Struggling to steer its economy away from oil dependence, Saudi Arabia announced an audacious plan to build a $500 billion super-city that is intended to become a world-class business hub.
Saudi Arabia is moving toward a “new generation of cities,” said Mohammed bin Salman, crown prince of the Middle Eastern kingdom, during one of his rare appearances before the press on October 24. The first of its kind, the city, to be named Neom, would be powered by green energy and have no room for “anything traditional,” he said.
Neom, an ambitious business hub, was promoted with a video clip showing happy people engaging in business, science, art, leisure, and showed men and women freely mixing in modern European clothes — something that is impossible in most of Saudi Arabia.
The city is shown as technically — almost science-fiction-style — advanced, with human-like androids, 3D-printers for all manner of materials, hydroponic gardens and ubiquitous drone delivery. Best of all, it is to be located “right at the heart of world’s transport, trade and telecom routes.”
The problem is, right now Neom is empty desert, a lot of sand left and right — and a single wreck of an American Consolidated PBY Catalina seaplane, covered in graffiti, according to a Bloomberg report.

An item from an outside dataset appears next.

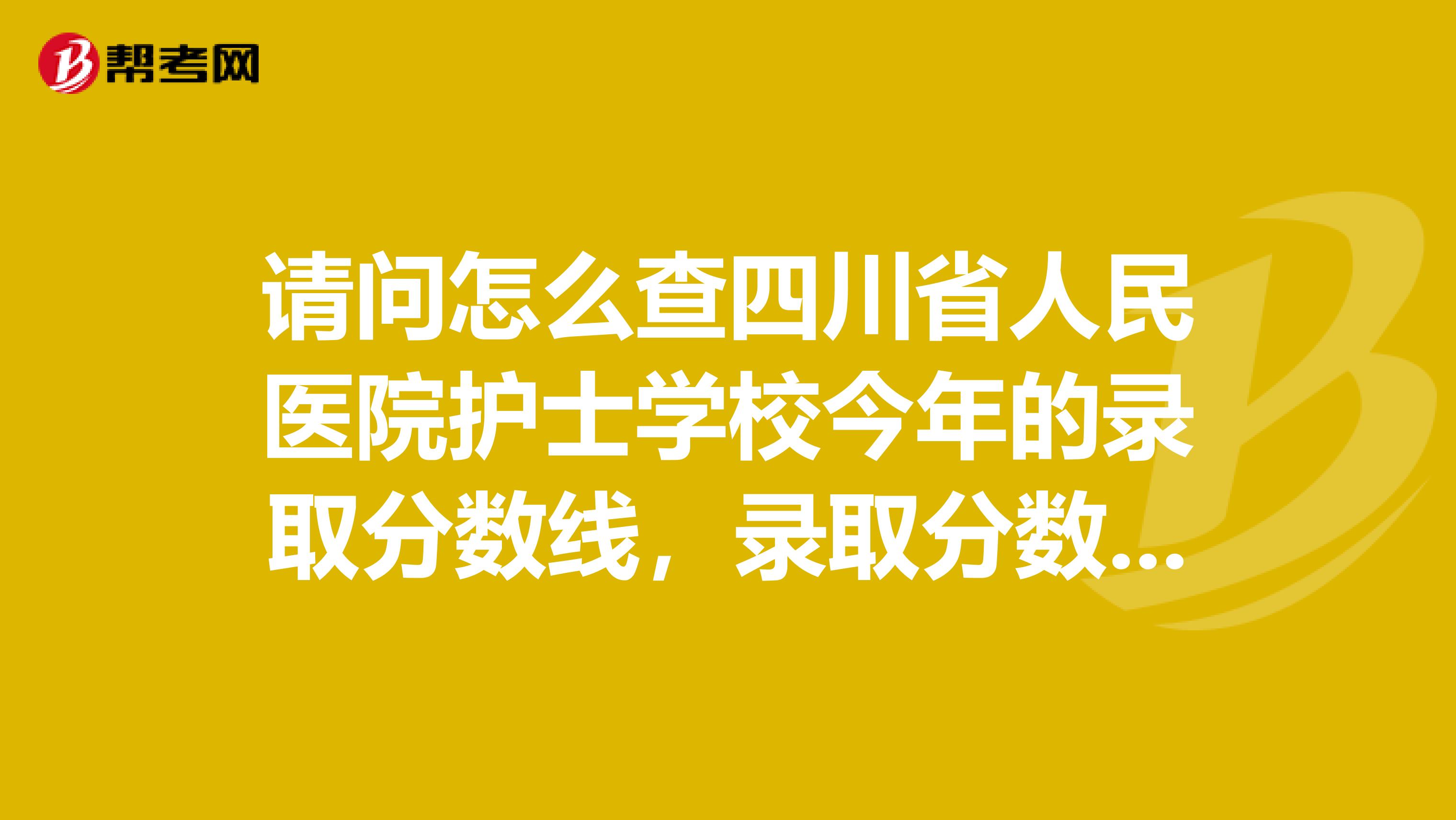 请问怎么查四川省人民医院护士学校今年的录取分数线,录取分数线又是多少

In order to transform the seemingly lifeless desert region in the westernmost point of Saudi Arabia on the shore of the Red Sea, the crown prince will pour a whopping half a trillion dollars on the sand — some of it kingdom money, but most intended to come from international investors.
What the money could buy is a 10,000-square-mile city — over twice as large as the entire footprint of neighboring Qatar — connected with neighboring Egypt via a proposed bridge. It will also touch the border with Jordan, creating a transnational hub.
Inspiration for the Neom agglomeration comes from the remarkably successful city of Dubai. In the UAE megalopolis, investors, workers and tourists enjoy a lifestyle ordinarily at play in other parts of the world: women can wear bikinis, alcohol is allowed, and various religions are represented by churches and temples. None of these western exigencies are to be found throughout the rest of the ultra-conservative kingdom where sexes live separately, women are not allowed to drive (until next year it is thought), and the only religion permitted is a very strict version of Islam.
In Neom, however, alcohol will not be tolerated, the crown prince asserted.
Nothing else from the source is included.